I am training my model with MAML (model agnostic meta learning) with torch DDP with nccl backend. I use 8 gpus (a100) on a single machine and I have this problem where the script freezes without giving me any error message when I try to evaluate the model only on the base process (rank==0). The training goes well till evaluation but once one of the processors gets into if iteration % eval_freq == eval_freq - 1, the script freezes.

Some observations:

  1. The script works well when I use smaller model (tiny-mbart for debugging) but this hangs when I use mbart-large-50 which has more than 600m parameters.
  2. On another server with two A6000 gpus, the script works well even with a large model
  3. The script does not work when I use a large model with 8 A100 gpus on a single machine.

I’d really appreciate any suggestion to solve the problem… Thank you

    def meta_train(self,
                   train_batch,
                   train_sample_set,
                   eval_set,
                   num_steps,
                   eval_freq,
                   dataloader_batch_size,
                   current_run_info,
                   maml,
                   optimizer,
                   scheduler,
                   scaler,
                   rank):

        if rank== 0:
            run_info_writer = open(LOG_DIR / "{}.json".format(current_run_info["id"]), 'w')
            atexit.register(log_handle, current_run_info, run_info_writer) # exit handler => log the run info when the program exits
        save_best_model = SaveBestModel()

        for iteration in tqdm(range(self.initial_step, num_steps + self.initial_step)):
            # print(f'iteration: {iteration}, rank: {rank}, param_0: {list(self.maml.parameters())[0]}')
            loss = self.outer_step(train_batch, dataloader_batch_size, scaler)
            if rank==0:
                wandb.log({"step": iteration, "loss": loss})

            # adjust gradient by division (task_size)
            for p in maml.parameters():
                p.grad.data.mul_(1.0 / len(train_batch))

            # update model params and update lr
            scaler.step(optimizer)
            scaler.update()
            scheduler.step()
            optimizer.zero_grad()
            print("step: {}, loss: {:.4f}".format(iteration, loss))

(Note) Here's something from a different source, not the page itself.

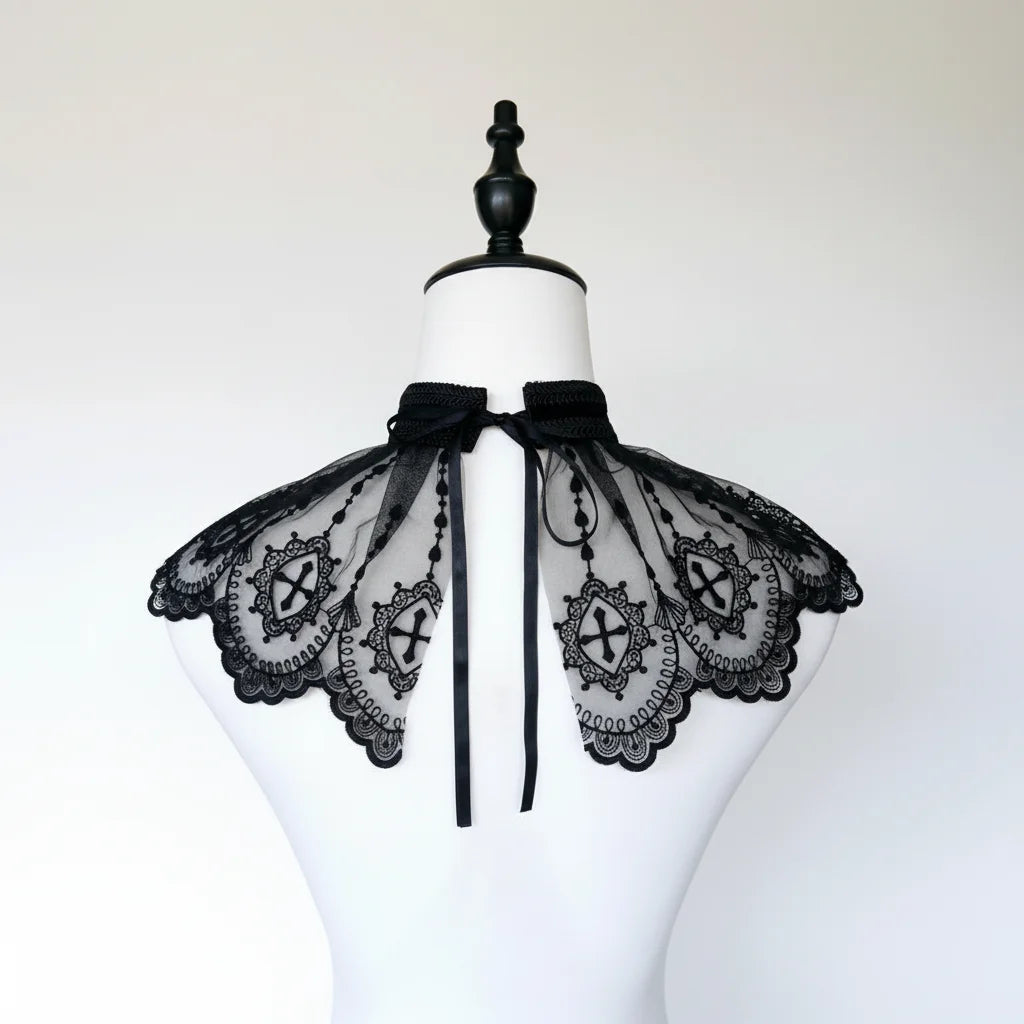 Back view of gothic black lace collar with butterfly wing panels and cross embroidery, black ribbon tie, white background - Victorian Velvet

            if iteration % eval_freq == eval_freq - 1: # eval on train sample set
                torch.cuda.empty_cache()
                print(rank)
                if rank==0:
                    # evaluation on a setaside trainset to monitor learning
                    train_sample_loss, train_sample_accuracy = self.outer_step_eval(train_sample_set, dataloader_batch_size, iteration, split="train")
                    print("step: {}, train_sample_loss: {:.4f}, train_sample_accuracy: {:.4f}".format(iteration, train_sample_loss, train_sample_accuracy))
                    wandb.log({"step": iteration, "train_sample_loss": train_sample_loss, "train_sample_accuracy": train_sample_accuracy})
                torch.distributed.barrier()

when wrapping a module with DDP, DDP would install hooks to the module, which might potentially delay some allreduce calls during the backward and optimizers. I am not sure if that would be the root cause of your problem but it might affects how the model behave if you run eval inside a training loop.

Thank you very much for you answer @wanchaol. I based my code on this code here so I didn’t use DDP wrapper to wrap my model and used torchrun command. The weird thing is even when I replace the evaluation part to time.sleep(), it hangs as soon as any running process gets into the barrier… I printed after each line to trace the problem and as soon as any of the running process gets into the barrier, it freezes the rest of the process (specifically before optimizer.step()) without printing any error message…

-- model training -- 

if iteration % eval_freq == 0 :
    if rank == 0:
        time.sleep(5)    
    torch.distributed.barrier()      # all ranks wait here till rank 0 finishes 


I think I found where the problem comes from… I was using torch.cuda.amp.GradScaler() for mixed precision. I found that when it hangs, it’s always before scaler.step(optimizer). I replaced it with optimizer.step() (no mixed precision now) just like that and now it keeps running till the end. I have no idea why it caused the problem but at least now my script runs without hanging…